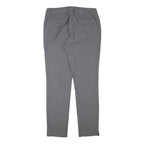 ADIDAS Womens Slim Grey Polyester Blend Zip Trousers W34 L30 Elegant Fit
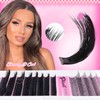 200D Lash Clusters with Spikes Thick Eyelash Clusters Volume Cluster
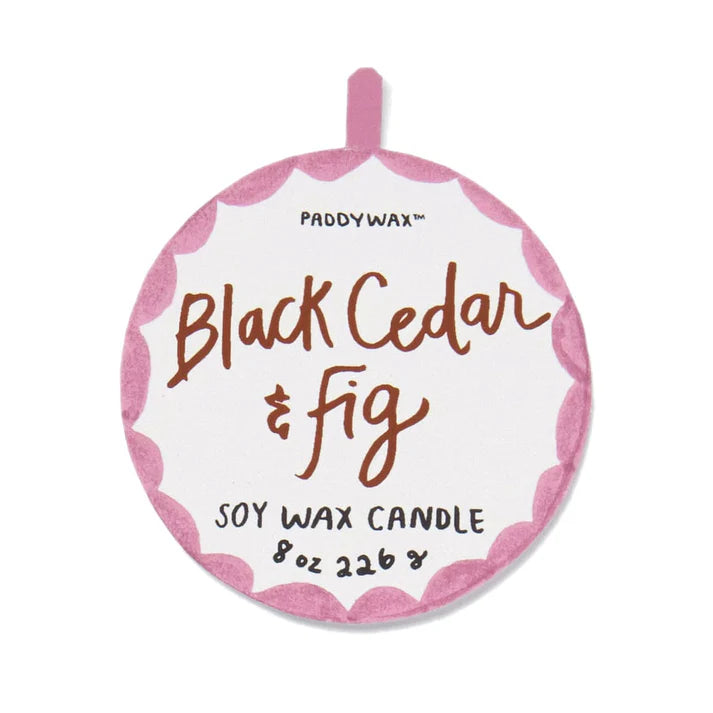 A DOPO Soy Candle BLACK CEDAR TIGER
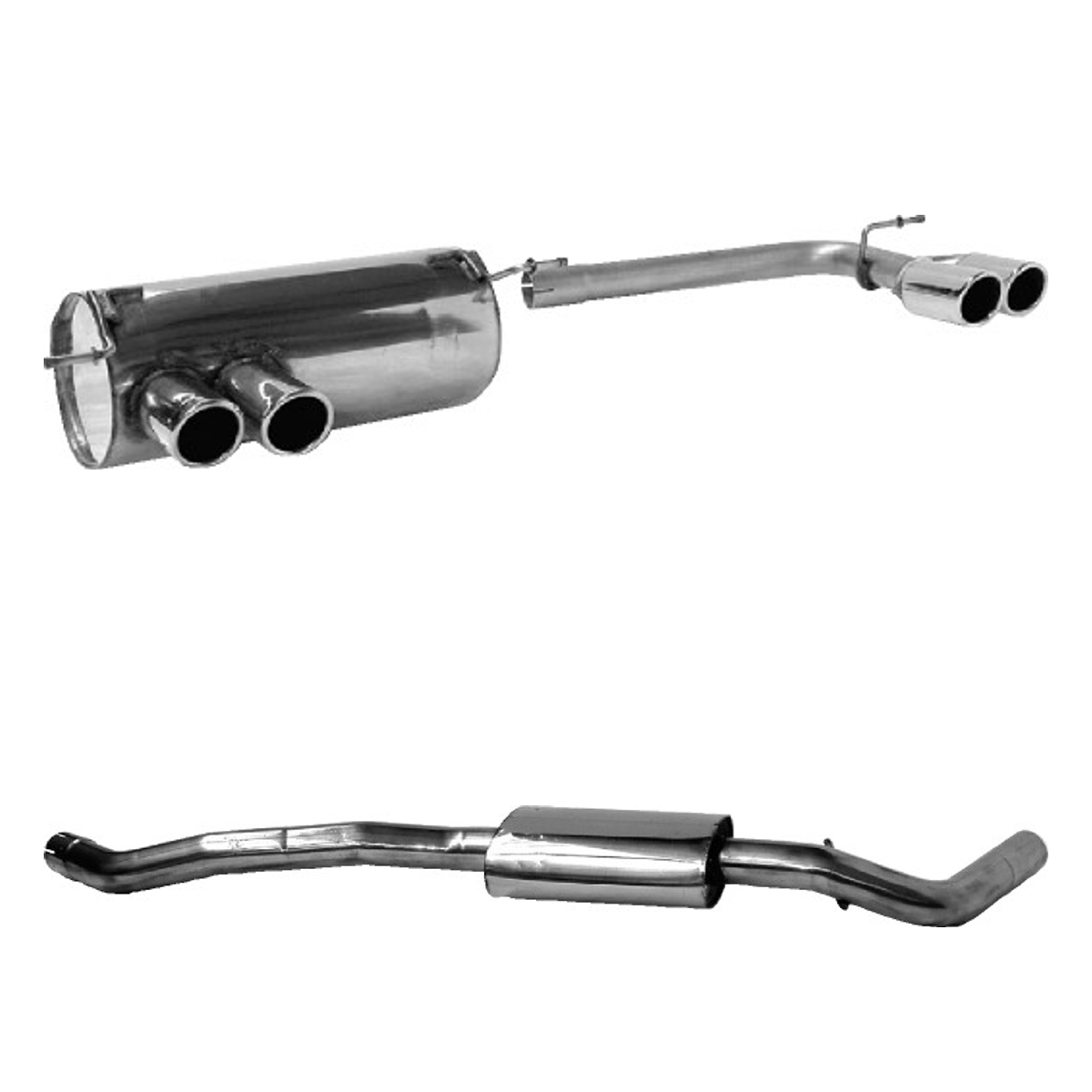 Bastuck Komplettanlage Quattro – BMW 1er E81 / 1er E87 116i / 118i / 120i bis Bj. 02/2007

==

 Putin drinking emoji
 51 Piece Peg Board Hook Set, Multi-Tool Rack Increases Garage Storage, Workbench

==

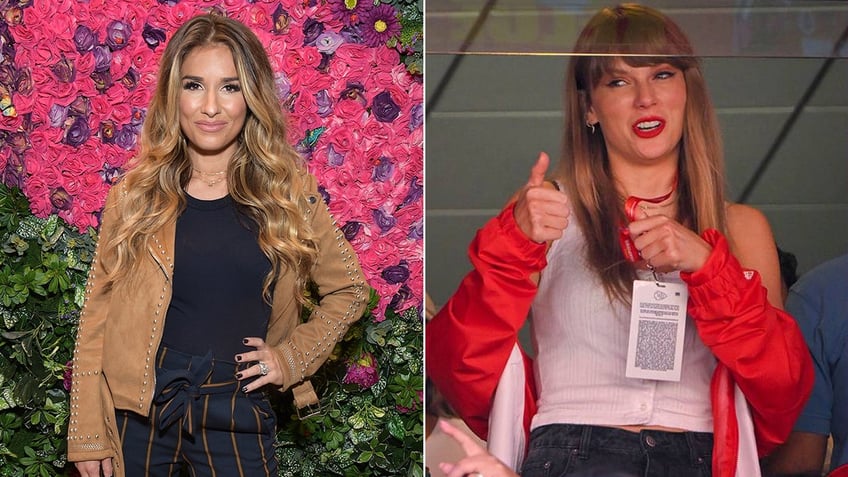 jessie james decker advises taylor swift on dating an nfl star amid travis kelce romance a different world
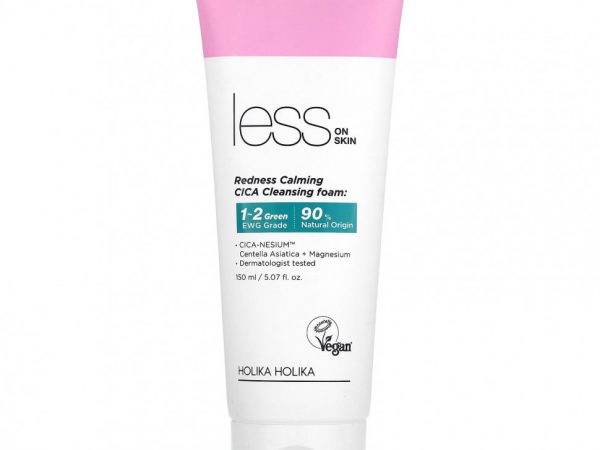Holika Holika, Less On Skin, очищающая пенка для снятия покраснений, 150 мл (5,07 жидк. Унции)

- **Problem**:
When copying from the data above, begin at the line containing "ADIDAS Womens Slim" and end at the line containing "Bastuck Komplettanlage Quattro"; return those lines exactly and leave all pictures behind.

- **Output of the exercise**:
 ADIDAS Womens Slim Grey Polyester Blend Zip Trousers W34 L30 Elegant Fit
 200D Lash Clusters with Spikes Thick Eyelash Clusters Volume Cluster
 A DOPO Soy Candle BLACK CEDAR TIGER
 Bastuck Komplettanlage Quattro – BMW 1er E81 / 1er E87 116i / 118i / 120i bis Bj. 02/2007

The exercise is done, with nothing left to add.